### WORK REQUIRED
Only the lines of the data below from the one with "Property at 65" through the one with "古驰硬货，小小个真钻石英女表，整个表圈镶50颗Vs1.0真钻 / GUCCI KK09" are wanted. Repeat them exactly.

### EXCERPTED DATA
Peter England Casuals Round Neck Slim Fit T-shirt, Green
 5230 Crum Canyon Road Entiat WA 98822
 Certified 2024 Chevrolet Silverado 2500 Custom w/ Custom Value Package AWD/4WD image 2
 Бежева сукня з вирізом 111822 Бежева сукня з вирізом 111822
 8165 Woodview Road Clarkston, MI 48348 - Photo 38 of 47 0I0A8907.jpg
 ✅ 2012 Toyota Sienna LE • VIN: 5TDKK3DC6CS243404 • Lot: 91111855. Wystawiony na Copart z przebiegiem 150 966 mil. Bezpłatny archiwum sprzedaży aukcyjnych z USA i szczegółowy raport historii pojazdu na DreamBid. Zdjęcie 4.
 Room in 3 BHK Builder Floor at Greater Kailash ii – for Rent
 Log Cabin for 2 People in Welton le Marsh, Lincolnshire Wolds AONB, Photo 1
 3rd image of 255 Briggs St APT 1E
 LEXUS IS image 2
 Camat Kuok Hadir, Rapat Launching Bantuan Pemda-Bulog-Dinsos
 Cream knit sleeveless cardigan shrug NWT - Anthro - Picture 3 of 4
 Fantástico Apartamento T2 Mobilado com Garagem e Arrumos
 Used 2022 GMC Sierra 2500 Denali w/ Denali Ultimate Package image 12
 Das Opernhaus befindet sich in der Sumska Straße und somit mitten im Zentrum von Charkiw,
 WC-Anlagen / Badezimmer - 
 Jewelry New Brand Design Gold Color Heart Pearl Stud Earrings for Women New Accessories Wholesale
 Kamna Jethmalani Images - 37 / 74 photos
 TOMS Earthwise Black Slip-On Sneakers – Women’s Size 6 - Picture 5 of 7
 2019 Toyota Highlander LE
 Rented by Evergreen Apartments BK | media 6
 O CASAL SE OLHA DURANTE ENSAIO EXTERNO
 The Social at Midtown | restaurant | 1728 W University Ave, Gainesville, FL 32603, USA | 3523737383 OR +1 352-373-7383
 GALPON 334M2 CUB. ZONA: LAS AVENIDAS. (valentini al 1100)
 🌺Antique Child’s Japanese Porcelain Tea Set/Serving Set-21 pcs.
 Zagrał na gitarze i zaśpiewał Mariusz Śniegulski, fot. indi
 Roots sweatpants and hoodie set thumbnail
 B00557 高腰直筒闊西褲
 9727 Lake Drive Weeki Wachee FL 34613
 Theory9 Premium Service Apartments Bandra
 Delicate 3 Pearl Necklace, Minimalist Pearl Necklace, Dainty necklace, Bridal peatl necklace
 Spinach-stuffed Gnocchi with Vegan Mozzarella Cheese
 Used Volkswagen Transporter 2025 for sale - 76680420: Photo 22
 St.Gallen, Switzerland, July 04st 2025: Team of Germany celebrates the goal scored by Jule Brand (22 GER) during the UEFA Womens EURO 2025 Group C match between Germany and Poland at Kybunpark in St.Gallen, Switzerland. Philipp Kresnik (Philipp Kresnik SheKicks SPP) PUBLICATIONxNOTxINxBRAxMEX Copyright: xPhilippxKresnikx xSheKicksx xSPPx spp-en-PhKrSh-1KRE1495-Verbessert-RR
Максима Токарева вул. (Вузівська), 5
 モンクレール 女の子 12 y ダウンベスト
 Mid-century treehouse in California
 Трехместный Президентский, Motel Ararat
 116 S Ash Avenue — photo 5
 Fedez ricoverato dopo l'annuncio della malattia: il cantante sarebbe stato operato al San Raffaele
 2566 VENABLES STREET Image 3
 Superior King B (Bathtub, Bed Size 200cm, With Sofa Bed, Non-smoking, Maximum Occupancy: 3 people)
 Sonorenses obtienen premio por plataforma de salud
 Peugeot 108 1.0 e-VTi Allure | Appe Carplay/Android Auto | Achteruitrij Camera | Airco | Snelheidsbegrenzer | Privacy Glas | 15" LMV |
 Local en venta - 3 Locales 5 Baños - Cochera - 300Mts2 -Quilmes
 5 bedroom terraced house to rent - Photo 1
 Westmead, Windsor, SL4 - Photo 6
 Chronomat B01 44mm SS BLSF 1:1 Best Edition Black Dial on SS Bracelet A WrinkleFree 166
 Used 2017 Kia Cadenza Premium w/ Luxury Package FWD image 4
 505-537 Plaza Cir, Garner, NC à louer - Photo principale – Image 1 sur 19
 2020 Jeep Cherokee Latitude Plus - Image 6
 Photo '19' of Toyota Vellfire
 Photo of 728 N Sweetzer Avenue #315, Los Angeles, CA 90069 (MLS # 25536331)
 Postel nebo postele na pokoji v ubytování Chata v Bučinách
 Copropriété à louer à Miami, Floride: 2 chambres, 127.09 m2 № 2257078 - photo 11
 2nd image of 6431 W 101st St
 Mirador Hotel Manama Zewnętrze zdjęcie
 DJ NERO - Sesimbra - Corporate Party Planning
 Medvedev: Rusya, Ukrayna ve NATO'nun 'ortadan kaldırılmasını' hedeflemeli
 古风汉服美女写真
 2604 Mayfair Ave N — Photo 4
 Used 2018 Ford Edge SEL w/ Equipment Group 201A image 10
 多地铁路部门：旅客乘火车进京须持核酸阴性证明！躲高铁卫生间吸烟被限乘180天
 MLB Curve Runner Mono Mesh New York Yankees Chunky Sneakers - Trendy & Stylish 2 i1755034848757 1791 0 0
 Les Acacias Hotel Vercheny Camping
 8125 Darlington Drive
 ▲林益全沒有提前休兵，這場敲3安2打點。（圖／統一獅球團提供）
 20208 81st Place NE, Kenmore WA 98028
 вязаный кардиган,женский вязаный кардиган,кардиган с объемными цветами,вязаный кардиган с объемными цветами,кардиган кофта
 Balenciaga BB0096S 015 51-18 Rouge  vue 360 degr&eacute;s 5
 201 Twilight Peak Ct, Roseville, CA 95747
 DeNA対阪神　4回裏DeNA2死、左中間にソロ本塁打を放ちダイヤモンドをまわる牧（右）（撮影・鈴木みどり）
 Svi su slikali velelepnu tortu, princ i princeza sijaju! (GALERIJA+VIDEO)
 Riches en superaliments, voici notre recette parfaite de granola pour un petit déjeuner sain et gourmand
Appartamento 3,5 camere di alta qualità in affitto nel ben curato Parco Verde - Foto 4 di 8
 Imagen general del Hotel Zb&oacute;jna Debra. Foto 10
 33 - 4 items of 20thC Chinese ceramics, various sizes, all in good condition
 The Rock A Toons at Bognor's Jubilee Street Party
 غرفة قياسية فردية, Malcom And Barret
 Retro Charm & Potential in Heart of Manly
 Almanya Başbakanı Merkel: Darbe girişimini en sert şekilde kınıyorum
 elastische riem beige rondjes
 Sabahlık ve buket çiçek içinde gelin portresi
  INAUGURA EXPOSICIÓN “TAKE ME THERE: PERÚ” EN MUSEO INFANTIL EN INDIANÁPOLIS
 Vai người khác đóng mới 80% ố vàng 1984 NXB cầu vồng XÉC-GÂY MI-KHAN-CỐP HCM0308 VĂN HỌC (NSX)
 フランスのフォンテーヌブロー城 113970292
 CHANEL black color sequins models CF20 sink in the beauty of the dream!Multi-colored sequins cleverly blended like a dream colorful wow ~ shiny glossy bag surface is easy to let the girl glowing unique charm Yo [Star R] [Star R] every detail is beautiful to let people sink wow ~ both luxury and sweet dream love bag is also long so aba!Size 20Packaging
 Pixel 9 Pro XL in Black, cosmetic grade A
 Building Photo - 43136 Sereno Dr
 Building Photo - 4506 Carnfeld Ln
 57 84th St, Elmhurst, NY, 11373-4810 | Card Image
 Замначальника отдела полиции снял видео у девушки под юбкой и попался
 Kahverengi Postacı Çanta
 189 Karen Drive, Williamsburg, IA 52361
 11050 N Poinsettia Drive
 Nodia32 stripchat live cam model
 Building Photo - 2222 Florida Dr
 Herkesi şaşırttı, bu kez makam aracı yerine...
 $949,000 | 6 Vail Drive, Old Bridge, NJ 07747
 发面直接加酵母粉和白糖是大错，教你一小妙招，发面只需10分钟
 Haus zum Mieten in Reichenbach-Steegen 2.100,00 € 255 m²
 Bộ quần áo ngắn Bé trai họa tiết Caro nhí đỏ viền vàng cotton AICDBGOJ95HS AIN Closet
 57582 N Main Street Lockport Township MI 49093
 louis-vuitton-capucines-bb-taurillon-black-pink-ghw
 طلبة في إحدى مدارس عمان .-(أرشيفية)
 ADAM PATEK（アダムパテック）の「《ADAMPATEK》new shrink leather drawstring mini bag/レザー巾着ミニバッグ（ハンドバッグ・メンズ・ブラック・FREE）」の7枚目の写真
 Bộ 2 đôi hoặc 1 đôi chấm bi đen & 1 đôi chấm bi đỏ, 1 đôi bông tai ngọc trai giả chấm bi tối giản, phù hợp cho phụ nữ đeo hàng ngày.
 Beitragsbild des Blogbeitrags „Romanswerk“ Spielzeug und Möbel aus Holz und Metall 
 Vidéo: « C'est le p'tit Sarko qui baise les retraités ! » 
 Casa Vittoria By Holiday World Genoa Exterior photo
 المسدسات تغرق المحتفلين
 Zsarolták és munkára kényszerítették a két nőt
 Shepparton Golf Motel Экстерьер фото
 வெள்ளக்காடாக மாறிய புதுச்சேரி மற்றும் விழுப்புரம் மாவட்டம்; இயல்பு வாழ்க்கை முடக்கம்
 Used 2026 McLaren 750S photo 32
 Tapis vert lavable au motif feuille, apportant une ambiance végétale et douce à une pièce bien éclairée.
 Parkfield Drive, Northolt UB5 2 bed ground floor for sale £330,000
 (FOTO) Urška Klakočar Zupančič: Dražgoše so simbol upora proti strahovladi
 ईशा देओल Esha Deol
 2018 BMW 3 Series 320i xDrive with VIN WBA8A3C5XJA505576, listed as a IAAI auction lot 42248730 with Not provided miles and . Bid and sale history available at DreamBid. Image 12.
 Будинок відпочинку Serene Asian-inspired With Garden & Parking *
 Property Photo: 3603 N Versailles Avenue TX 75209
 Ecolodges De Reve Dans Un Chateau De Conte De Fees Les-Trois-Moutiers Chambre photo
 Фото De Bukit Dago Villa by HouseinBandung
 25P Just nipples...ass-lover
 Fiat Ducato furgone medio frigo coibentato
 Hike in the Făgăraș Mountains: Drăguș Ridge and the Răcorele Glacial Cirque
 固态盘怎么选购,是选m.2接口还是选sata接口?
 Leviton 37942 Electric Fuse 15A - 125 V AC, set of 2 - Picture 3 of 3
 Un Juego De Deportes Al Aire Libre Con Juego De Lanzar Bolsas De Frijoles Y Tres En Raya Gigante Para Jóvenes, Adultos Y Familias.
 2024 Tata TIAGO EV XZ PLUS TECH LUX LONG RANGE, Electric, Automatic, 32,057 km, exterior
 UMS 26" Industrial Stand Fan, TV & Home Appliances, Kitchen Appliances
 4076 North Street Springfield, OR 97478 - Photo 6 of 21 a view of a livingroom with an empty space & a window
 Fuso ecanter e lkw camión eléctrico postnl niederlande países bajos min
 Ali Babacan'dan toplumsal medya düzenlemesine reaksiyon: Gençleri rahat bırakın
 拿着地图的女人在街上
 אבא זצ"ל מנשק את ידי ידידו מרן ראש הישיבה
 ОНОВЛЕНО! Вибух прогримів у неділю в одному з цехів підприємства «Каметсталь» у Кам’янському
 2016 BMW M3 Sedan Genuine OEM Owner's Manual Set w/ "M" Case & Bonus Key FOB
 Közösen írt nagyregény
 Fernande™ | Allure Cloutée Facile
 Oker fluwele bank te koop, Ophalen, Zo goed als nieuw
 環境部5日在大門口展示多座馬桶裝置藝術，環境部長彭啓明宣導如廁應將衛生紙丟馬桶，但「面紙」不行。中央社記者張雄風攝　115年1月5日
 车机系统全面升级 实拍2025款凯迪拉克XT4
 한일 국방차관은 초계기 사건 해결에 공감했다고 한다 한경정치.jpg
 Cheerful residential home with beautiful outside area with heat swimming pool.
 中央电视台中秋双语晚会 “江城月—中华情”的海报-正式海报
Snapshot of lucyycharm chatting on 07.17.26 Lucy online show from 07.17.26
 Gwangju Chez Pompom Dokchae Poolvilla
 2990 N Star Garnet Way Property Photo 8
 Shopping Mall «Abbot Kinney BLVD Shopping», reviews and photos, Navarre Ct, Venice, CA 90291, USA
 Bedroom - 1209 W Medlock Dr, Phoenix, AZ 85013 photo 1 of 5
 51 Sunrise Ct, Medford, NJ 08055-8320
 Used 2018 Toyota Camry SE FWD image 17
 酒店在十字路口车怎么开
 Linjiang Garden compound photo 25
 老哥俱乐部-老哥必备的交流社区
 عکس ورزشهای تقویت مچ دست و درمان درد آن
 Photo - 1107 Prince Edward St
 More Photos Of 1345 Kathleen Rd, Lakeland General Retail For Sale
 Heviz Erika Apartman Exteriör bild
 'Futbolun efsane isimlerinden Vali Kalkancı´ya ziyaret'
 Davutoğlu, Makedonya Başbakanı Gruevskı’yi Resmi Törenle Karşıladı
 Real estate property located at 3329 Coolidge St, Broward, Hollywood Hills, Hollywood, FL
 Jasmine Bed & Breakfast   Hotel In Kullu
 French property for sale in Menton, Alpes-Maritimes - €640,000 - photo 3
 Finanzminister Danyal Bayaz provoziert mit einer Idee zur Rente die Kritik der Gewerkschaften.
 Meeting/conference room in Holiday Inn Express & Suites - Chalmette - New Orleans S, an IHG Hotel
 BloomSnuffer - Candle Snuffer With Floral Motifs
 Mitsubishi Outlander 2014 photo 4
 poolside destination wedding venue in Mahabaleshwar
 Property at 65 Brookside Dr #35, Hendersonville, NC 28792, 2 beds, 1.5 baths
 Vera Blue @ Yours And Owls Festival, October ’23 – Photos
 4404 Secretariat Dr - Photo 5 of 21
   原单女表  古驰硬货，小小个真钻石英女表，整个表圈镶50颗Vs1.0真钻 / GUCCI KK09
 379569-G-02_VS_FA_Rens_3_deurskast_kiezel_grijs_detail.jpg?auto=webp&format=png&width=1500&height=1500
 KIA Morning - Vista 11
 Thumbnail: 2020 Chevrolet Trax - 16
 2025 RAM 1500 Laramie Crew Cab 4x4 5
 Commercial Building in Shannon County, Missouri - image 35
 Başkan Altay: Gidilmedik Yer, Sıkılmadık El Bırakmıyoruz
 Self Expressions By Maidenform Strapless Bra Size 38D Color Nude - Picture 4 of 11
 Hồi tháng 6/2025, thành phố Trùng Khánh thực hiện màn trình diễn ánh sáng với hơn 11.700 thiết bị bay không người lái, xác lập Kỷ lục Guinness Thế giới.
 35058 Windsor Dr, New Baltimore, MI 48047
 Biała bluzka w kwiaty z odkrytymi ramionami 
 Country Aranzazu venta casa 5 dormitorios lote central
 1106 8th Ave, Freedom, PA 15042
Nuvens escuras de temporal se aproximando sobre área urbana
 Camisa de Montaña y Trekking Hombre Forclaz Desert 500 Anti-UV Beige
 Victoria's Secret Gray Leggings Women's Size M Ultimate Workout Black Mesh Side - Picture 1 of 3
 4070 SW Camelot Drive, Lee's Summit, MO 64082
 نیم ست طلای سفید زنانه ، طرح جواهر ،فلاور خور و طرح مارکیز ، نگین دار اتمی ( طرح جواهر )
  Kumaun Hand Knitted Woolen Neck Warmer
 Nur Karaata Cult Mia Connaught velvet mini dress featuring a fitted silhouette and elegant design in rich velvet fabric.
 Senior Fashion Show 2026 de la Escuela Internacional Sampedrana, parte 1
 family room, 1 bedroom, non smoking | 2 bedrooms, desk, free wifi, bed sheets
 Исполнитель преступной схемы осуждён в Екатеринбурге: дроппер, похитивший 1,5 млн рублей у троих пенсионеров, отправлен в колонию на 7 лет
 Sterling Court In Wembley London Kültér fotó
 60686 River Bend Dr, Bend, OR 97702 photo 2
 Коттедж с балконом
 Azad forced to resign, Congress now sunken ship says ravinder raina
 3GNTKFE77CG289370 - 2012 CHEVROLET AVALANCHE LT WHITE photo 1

### OUTPUT FOR THIS EXERCISE
 Property at 65 Brookside Dr #35, Hendersonville, NC 28792, 2 beds, 1.5 baths
 Vera Blue @ Yours And Owls Festival, October ’23 – Photos
 4404 Secretariat Dr - Photo 5 of 21
   原单女表  古驰硬货，小小个真钻石英女表，整个表圈镶50颗Vs1.0真钻 / GUCCI KK09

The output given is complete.